Since 2017, the Transformer has spawned hundreds of variants. The most important distinction is the architecture type: encoder-only (good at understanding), decoder-only (good at generation), or encoder-decoder (good at transformation tasks like translation or summarisation).

Model	Type	Parameters	Key Innovation
BERT (2018)	Encoder-only	110M (base) / 340M (large)	Masked Language Modelling (MLM): randomly mask 15% of tokens, train to predict them. Bidirectional context. Created the pre-train → fine-tune paradigm for NLP.
GPT-1/2/3/4	Decoder-only	117M → 1.5B → 175B → undisclosed	Causal language modelling (predict next token). GPT-3 showed few-shot learning emerges at scale. GPT-4 is multimodal. The dominant paradigm for generation tasks.
T5 (2019)	Encoder-decoder	60M–11B	Frames every NLP task as text-to-text (e.g. "summarise: …" → summary). Unified interface for translation, summarisation, Q&A, classification. Strong baseline.
Vision Transformer / ViT (2020)	Encoder-only (image)	86M (ViT-B) to 632M (ViT-H)	Splits image into 16×16 patches, treats each patch as a token. Self-attention across patches achieves global receptive field from layer 1. Outperforms CNNs at scale.
LLaMA 2/3 (2023/24)	Decoder-only	7B / 13B / 70B / 405B	Open weights, RoPE positional embeddings, grouped-query attention (GQA) for inference efficiency, SwiGLU activation. Foundation for most open-source LLM ecosystem.

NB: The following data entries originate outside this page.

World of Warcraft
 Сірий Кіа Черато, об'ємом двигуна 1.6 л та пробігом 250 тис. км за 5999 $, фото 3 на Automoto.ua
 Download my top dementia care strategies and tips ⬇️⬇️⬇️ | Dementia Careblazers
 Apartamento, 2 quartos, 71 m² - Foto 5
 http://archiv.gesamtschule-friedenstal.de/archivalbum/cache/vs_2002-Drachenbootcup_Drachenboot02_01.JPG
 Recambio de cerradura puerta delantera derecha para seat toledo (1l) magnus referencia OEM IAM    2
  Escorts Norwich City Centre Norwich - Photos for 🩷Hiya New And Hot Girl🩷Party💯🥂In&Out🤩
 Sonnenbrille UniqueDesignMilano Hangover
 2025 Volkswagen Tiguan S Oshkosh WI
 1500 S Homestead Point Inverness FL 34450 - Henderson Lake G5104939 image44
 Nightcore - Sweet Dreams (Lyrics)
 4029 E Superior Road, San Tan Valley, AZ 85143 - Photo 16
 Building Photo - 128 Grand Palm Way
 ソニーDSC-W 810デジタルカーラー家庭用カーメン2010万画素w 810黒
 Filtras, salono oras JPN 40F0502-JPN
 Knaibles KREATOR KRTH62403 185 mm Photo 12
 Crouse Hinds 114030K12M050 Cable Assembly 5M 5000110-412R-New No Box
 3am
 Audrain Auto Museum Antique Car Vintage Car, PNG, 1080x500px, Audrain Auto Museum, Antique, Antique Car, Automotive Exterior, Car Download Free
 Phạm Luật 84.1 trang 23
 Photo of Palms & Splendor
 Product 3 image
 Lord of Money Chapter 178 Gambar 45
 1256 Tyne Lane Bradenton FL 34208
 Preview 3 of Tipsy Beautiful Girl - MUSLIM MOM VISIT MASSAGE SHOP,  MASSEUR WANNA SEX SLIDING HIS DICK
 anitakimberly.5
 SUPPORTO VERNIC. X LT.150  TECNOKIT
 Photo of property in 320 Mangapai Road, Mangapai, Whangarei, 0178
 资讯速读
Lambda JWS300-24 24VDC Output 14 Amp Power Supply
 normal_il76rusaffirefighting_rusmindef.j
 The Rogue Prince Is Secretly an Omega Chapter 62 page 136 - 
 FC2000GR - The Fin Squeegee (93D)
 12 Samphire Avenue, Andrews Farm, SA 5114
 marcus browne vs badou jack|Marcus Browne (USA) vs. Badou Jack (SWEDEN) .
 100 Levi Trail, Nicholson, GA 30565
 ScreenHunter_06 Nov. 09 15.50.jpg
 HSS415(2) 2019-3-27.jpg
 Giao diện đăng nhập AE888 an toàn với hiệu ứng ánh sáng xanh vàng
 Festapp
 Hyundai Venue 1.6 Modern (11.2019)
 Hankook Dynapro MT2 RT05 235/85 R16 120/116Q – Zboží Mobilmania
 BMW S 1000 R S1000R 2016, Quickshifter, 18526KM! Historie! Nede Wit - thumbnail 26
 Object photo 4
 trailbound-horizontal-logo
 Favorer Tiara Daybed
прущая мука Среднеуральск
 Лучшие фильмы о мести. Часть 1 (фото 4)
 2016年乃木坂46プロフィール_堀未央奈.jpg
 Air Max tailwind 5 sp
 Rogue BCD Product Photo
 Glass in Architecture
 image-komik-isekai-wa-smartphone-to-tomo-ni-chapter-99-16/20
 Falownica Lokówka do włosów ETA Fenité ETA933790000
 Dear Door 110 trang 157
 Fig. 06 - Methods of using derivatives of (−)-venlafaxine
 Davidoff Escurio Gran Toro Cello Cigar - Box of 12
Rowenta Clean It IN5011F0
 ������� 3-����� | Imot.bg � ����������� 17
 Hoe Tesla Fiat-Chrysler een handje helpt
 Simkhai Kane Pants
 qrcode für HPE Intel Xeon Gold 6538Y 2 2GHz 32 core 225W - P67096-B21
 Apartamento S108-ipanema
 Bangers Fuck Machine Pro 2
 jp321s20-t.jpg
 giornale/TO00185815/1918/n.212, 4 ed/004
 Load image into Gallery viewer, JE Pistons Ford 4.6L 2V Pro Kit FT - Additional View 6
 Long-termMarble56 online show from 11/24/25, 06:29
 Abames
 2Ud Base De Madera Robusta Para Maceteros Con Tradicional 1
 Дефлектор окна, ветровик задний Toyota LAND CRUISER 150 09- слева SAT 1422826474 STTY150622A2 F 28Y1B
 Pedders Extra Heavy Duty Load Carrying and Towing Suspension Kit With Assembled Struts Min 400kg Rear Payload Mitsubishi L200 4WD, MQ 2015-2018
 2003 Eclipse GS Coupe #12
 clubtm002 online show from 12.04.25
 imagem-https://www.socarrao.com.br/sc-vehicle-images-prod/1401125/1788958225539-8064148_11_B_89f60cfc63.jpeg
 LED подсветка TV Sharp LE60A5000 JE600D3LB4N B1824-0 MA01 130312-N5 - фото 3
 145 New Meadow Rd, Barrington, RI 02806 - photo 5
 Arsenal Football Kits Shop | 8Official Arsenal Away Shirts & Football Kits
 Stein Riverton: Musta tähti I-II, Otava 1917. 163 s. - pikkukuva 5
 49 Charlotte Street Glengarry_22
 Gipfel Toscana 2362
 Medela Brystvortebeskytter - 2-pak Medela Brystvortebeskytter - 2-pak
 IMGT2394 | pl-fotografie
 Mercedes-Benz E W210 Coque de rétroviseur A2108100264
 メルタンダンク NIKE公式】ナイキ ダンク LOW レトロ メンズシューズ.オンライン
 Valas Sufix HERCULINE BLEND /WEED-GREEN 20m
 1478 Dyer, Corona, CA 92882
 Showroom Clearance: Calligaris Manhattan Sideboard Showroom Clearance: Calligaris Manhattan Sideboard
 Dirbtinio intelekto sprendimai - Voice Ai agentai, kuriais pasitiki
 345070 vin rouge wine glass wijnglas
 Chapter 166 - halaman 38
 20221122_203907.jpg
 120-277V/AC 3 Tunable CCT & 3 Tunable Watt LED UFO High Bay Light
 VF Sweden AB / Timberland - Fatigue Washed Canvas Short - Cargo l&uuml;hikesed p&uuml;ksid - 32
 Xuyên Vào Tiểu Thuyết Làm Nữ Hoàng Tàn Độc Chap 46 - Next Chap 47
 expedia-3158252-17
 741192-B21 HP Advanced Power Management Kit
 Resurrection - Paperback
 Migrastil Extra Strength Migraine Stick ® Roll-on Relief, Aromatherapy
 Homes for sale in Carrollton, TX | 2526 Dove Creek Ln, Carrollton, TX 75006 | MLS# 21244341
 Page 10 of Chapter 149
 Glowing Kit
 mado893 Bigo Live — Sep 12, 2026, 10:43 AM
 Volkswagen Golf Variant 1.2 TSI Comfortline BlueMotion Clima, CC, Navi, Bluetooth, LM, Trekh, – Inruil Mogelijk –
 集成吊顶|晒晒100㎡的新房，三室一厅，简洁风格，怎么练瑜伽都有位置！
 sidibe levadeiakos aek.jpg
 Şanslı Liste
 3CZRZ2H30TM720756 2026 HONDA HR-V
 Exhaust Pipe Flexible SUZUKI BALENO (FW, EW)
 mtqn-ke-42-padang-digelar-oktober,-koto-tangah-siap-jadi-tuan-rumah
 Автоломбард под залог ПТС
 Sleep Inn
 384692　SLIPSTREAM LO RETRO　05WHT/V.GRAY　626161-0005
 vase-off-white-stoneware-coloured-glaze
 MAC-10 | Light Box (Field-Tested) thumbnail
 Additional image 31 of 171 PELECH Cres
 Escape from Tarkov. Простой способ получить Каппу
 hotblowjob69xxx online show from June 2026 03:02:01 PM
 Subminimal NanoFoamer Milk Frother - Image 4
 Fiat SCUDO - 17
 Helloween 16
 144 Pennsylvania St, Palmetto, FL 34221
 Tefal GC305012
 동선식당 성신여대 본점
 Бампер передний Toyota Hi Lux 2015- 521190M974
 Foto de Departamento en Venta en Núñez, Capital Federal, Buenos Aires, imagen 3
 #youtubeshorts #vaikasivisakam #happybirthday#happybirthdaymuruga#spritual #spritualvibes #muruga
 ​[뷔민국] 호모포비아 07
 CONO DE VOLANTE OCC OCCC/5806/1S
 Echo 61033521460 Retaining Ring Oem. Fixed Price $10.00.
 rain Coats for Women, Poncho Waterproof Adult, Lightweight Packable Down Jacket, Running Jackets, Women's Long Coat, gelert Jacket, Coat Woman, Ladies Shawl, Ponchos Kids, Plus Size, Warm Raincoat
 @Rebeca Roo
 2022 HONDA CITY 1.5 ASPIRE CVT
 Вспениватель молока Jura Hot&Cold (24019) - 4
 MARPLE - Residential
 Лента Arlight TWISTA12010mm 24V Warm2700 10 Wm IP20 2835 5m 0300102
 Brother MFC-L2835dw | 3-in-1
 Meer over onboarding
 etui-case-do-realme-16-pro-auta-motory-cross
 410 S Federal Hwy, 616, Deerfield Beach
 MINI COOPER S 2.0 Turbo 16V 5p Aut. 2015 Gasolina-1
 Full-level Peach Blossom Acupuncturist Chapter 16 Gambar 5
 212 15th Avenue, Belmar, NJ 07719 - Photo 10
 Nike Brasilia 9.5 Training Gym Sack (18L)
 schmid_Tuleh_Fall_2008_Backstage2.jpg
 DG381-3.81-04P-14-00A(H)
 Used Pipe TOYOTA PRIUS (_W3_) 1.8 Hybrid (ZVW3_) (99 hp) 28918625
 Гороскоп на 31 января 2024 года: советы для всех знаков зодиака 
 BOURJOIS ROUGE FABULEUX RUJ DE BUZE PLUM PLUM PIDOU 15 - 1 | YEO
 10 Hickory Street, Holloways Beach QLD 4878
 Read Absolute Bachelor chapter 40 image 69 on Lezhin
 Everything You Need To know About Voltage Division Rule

Scaling Laws: Bigger Is Predictably Better

Kaplan et al. (OpenAI, 2020) discovered that Transformer loss follows smooth power laws as a function of model size, dataset size, and compute budget — independently and predictably. This means: double your parameters, and your loss decreases by a predictable amount, regardless of architecture details. These scaling laws allowed labs to plan multi-hundred-million-dollar training runs with confidence. Chinchilla (Hoffmann et al., 2022) refined this: most large models were undertrained on data — optimal training requires ~20 tokens per parameter. GPT-4 and LLaMA 3 applied this principle aggressively.